No one was ever tried or convicted of the St. Valentine Day’s Massacre murders. Capone was in Miami at the time, but everyone knew he was behind it. Photos of the bloody victims outraged the public. The sensational crime made Capone a national celebrity, in a bad way, putting him squarely in the sights of federal authorities.
Moran soldiered on, holding his turf with what remained of his gang for a few years. Defections, bad alliances, and the repeal of the Volstead Act all took their toll, however. He eventually left Chicago, reverting to common crimes like robbery and counterfeiting while drifting state to state. He was convicted in Ohio in ’46 and but for a brief release ten years later, spent the rest of his life in stir. He died of lung cancer in ’57 at age 65 in Leavenworth Federal Penitentiary, ten years after Capone’s death of cardiac arrest brought on from syphilis, stroke, and pneumonia.
Where Are They Now?
Moran’s aptitude and leadership is the subject of some debate these days with some holding that he was a thuggish reactionary who was continually out-maneuvered by Capone, and others that he was always the underdog in a battle stacked heavily against him, where simple survival was ample evidence of his wiles and grit. The Moran-boosters point to the daunting differential in manpower and gunpowder between the North Side and Capone’s Outfit.

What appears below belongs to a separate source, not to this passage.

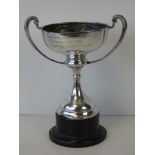 A HM silver trophy with weighted base, complete with stand, hallmarked Chester 1933,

The Moran-haters rely primarily on the myth of Capone.
That myth has of course been burnished in the public imagination in the years since his death. Well before Tony Soprano came along to make it okay to (ambivalently) root for gangsters, we had already learned to look past Capone’s brutality − committed mainly against other brutes, and growing out of a foolhardy public policy − into the deeper reaches of his character. Moran has never been granted the courtesy of our fascination.
On screen, Capone has been played by Rod Steiger, Jason Robards, Ben Gazzara, Robert DeNiro, F. Murray Abraham, and other actors whose names you have heard. Bugs Moran has been played by Dennis Patrick, Murvyn Vye, Ralph Meeker, and other actors whose names you have not. Actually, Harry Morgan is also on that list (that’s Joe Friday’s partner Bill Gannon to some of you, Colonel Potter to others) but the point remains.
In 1930, Capone was named the first Public Enemy Number 1 by the Chicago Crime Commission. George “Bugs” Moran was Number 6 on the list.